Os estudos disponíveis sobre resíduo branco avaliaram formulações que não são as comercializadas no Brasil; o desempenho de protetores vendidos aqui pode variar.

Como reduzir o aspecto esbranquiçado?

Não existe garantia de invisibilidade — e qualquer texto que prometa isso está prometendo mais do que a evidência sustenta. O que existe são critérios práticos:

1. Teste no seu próprio tom, não no braço de outra pessoa. O mesmo produto se comporta de forma diferente em tons diferentes. Teste no rosto ou no pescoço, com luz natural, e observe depois de alguns minutos — o acabamento muda conforme o produto assenta.

2. Observe espalhabilidade e uniformidade. Uma fórmula que espalha com facilidade e deposita uma camada uniforme tende a deixar menos marcas concentradas do que uma que “empelota”.

3. Considere fórmulas pigmentadas, híbridas ou com partículas tratadas. Fórmulas com cor podem mascarar parte do branco; fórmulas híbridas (que combinam filtros orgânicos e minerais) e com partículas micronizadas ou revestidas também podem reduzir o efeito. Nenhuma dessas categorias garante resultado.

4. Não decida pelo rótulo. “Mineral”, “orgânico”, “químico” e “híbrido” descrevem a categoria do filtro, não o acabamento final.

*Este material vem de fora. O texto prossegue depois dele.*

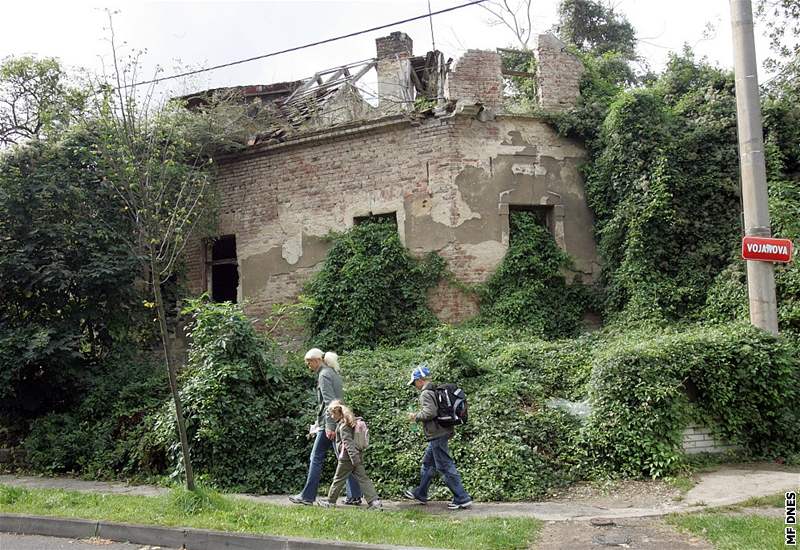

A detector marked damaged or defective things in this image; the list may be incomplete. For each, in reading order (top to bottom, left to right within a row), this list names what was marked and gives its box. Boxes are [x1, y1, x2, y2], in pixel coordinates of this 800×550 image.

broken chimney stack [376, 31, 412, 111]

Dois produtos minerais podem se comportar de maneiras diferentes na mesma pele.

5. Priorize o que você vai usar todo dia. Um protetor com cobertura adequada aplicado diariamente protege mais do que um protetor tecnicamente superior que fica na gaveta porque o acabamento incomoda. Conforto e uso consistente são critério técnico, não detalhe estético.

Protetor com cor é melhor para pele negra?

Depende — e não, não é obrigatório para todas.

O ponto de partida é a luz visível. Como o FPS não mede proteção nessa faixa, protetores comuns podem oferecer cobertura UV adequada e ainda assim deixar essa lacuna. Óxidos de ferro são os pigmentos usados em protetores com cor, e é a eles que se atribui a proteção adicional contra luz visível.

O que os estudos mostram:

  • Em um estudo com 20 voluntários de fototipos IV–VI, tanto a UVA1 quanto a luz visível induziram pigmentação — e a provocada pela luz visível foi mais escura e mais persistente. É esse achado que justifica olhar para essa faixa do espectro.
  • Em participantes de fototipo IV, formulações contendo óxidos de ferro ofereceram proteção adicional contra a pigmentação induzida por luz visível, em comparação com um protetor mineral sem cor.
  • Em pessoas com melasma, um ensaio clínico randomizado duplo-cego mostrou que o protetor com cobertura de UV mais luz visível, com óxido de ferro, trouxe benefício maior que o protetor apenas UV — em ambos os grupos, associado a um tratamento despigmentante prescrito por médico.

Três ressalvas necessárias:

  1. Óxidos de ferro não tratam nem curam melasma. O papel descrito na literatura é outro: podem ampliar a proteção contra a luz visível e integrar o manejo do melasma, normalmente ao lado de um tratamento conduzido por profissional. Não são terapia isolada.
  2. A tonalidade precisa ser aceitável para o seu tom. Um protetor com cor que fica acinzentado ou alaranjado não resolve o problema — apenas troca um incômodo por outro. Vale saber também que a Anvisa permite a alegação de proteção contra luz visível mediante comprovação de absorção, mas não define um parâmetro mínimo nacional de aceitação. Ou seja: o rótulo não permite concluir que dois produtos com cor oferecem a mesma proteção nessa faixa.
  3. A maior parte dessa evidência vem de estudos internacionais, com amostras pequenas, formulações específicas e, com frequência, vínculo com a indústria — conduzidos em grupos com melasma ou fototipos IV–VI.

Na prática: o protetor com cor tende a ser mais relevante para quem tem melasma, hiperpigmentação ou tendência a manchas. Para quem não tem essa preocupação, é uma opção — não uma exigência.

Como escolher de acordo com as características da pele?

A aceitabilidade cosmética — toque, acabamento, aparência — é reconhecida como fator de adesão: um produto confortável tende a ser usado com mais regularidade. Já indicações rígidas do tipo “gel para pele oleosa, creme para pele seca” não têm evidência clínica forte. São orientações razoáveis, não regras.

Em todos os casos, os critérios que realmente importam são os mesmos: cobertura espectral adequada (amplo espectro, FPS ≥ 30), tolerância, acabamento aceitável, conforto e uso regular.

Pele oleosa Fórmulas em gel, gel-creme, fluido ou de toque seco costumam ser mais confortáveis e favorecem o uso diário. Se o brilho for a queixa principal, o acabamento pesa mais na decisão do que a categoria do filtro.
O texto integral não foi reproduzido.